Point Chart (continuous, n < 100)

After we see a connection between our variables, you should plot the relationship.

Point plots are pretty good for small to mid-size datasets. However, we will get issues with overplotting. There are two general mitigations:

  • Set alpha to a low value
  • Add jitter
library(tidyverse)

# Generate a normal distribution of data
t <- tibble(height_in_feet = round(rnorm(n = 100, mean = 5, sd = 1), 0),
            weight_in_lbs = round(rnorm(n = 100, mean = 150, sd = 20), -1),
            )

ggplot(data = t) +
  geom_point(mapping = aes(x = jitter(height_in_feet, factor = 1.1), 
                           y = weight_in_lbs),
             alpha = 0.1)

Density Chart (categories, n > 200)

At a certain point, you should shift to a density plot, which is basically a nicer histogram.

library(tidyverse)

# Generate a normal distribution of data
t <- tibble(height_in_feet = round(rnorm(n = 100, mean = 5, sd = 1), 0),
            category = rep(x = c('A', 'B'), time = 50))

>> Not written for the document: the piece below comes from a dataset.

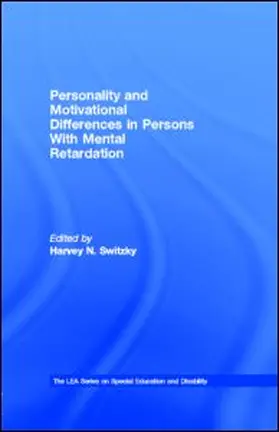 Switzky |  Personality and Motivational Differences in Persons With Mental Retardation | eBook | Sack Fachmedien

# Make the plot more interesting by changing group A
t <- t %>% 
  mutate(height_in_feet = ifelse(category == 'A', height_in_feet + 1, height_in_feet - 1))

ggplot(data = t) +
  geom_density(mapping = aes(x = height_in_feet,
                             fill = category),
               alpha = .5)

Boxplot Chart (categories, n > 2,000)

At a certain point, you should shift to boxplots. Add both a x and y scale, and use facets as needed.

library(tidyverse)

# Generate a normal distribution of data
t <- tibble(height_in_feet = round(rnorm(n = 700, mean = 10, sd = 1), 0),
            category = rep(x = c('A', 'B', 'C', 'D', 'E', 'F', 'G'), time = 100))

# Make the plot more interesting by changing group A
t <- t %>% 
  mutate(height_in_feet = ifelse(category == 'A', height_in_feet + 1, height_in_feet - 1))

ggplot(data = t) +
  geom_boxplot(mapping = aes(x = height_in_feet,
                             y = category))